YOUR GOAL:
Pictures do not belong in the copy; retype the records below exactly.

(Pictures with short captions)
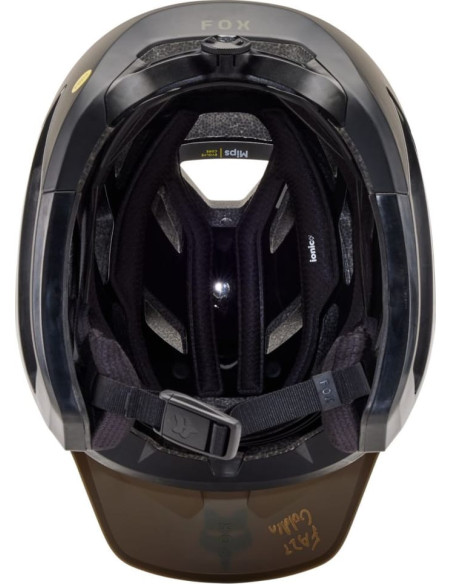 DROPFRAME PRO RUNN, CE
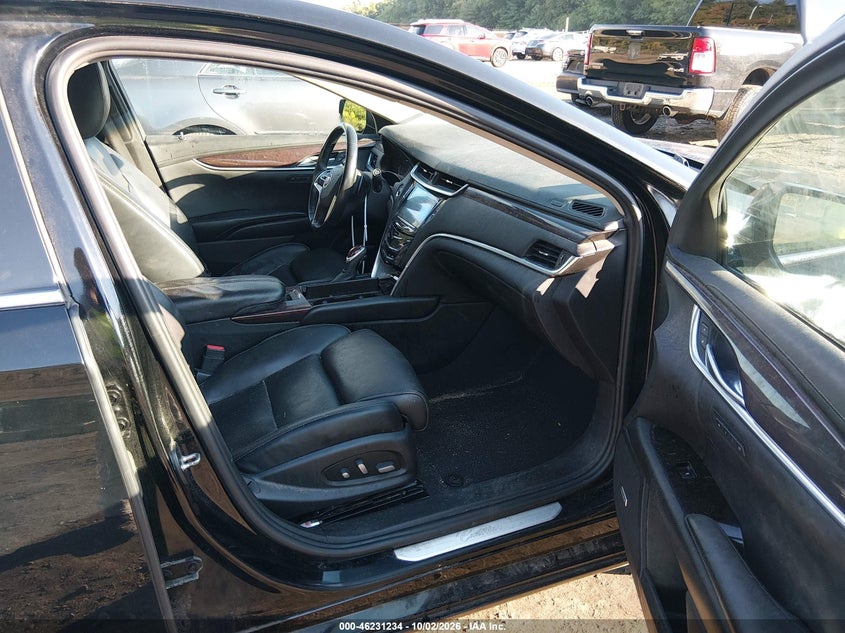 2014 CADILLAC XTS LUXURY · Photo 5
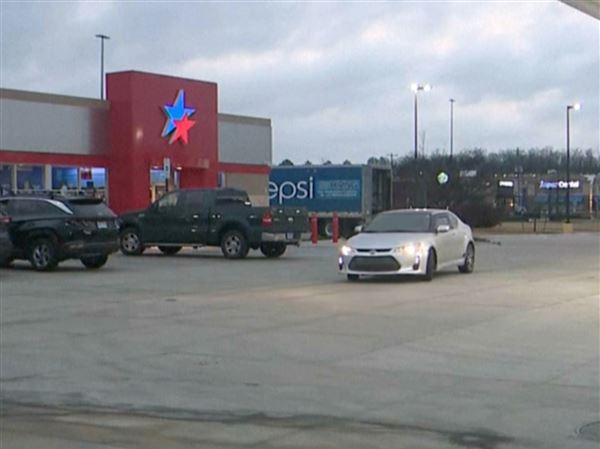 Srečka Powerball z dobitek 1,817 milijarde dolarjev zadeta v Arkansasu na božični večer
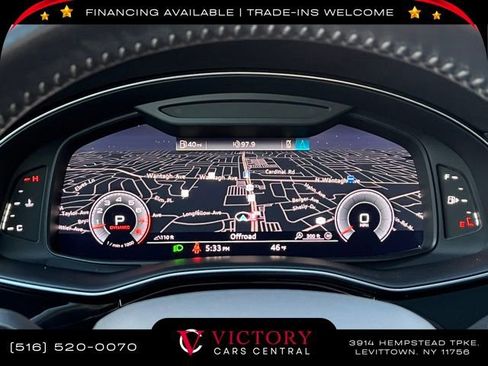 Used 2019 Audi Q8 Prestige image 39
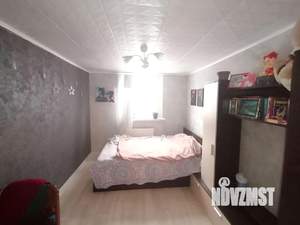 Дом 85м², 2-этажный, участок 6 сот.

TASK SOLUTION:
 DROPFRAME PRO RUNN, CE
 2014 CADILLAC XTS LUXURY · Photo 5
 Srečka Powerball z dobitek 1,817 milijarde dolarjev zadeta v Arkansasu na božični večer
 Used 2019 Audi Q8 Prestige image 39
 Дом 85м², 2-этажный, участок 6 сот.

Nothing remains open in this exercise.